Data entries
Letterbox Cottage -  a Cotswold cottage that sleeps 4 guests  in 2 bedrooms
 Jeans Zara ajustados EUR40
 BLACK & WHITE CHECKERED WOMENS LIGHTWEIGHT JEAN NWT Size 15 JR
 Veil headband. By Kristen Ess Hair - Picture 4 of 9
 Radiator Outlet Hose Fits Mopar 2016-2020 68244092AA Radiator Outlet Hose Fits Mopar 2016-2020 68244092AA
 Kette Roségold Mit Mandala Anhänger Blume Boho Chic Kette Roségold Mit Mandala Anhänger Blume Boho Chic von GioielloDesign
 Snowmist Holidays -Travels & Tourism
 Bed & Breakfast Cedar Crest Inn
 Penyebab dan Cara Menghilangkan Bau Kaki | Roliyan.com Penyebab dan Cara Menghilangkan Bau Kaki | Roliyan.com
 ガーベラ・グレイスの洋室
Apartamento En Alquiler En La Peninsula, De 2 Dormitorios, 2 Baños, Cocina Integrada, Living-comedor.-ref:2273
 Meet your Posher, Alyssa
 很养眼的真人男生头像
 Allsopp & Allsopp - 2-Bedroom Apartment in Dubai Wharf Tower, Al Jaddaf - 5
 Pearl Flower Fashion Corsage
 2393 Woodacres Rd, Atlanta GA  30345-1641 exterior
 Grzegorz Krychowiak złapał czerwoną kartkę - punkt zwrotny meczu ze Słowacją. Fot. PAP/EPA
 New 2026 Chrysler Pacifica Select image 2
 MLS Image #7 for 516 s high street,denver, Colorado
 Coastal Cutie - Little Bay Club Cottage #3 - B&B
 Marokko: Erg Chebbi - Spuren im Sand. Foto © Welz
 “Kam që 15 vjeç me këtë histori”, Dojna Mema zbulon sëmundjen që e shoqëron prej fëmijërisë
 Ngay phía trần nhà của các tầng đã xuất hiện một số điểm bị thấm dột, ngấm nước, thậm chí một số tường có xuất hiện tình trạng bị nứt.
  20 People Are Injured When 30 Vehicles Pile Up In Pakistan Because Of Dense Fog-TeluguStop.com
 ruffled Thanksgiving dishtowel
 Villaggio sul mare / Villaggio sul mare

Directions: Set down the lines above exactly as written. Begin at the line containing "Allsopp & Allsopp" and stop after the last line.

Exercise output:
 Allsopp & Allsopp - 2-Bedroom Apartment in Dubai Wharf Tower, Al Jaddaf - 5
 Pearl Flower Fashion Corsage
 2393 Woodacres Rd, Atlanta GA  30345-1641 exterior
 Grzegorz Krychowiak złapał czerwoną kartkę - punkt zwrotny meczu ze Słowacją. Fot. PAP/EPA
 New 2026 Chrysler Pacifica Select image 2
 MLS Image #7 for 516 s high street,denver, Colorado
 Coastal Cutie - Little Bay Club Cottage #3 - B&B
 Marokko: Erg Chebbi - Spuren im Sand. Foto © Welz
 “Kam që 15 vjeç me këtë histori”, Dojna Mema zbulon sëmundjen që e shoqëron prej fëmijërisë
 Ngay phía trần nhà của các tầng đã xuất hiện một số điểm bị thấm dột, ngấm nước, thậm chí một số tường có xuất hiện tình trạng bị nứt.
  20 People Are Injured When 30 Vehicles Pile Up In Pakistan Because Of Dense Fog-TeluguStop.com
 ruffled Thanksgiving dishtowel
 Villaggio sul mare / Villaggio sul mare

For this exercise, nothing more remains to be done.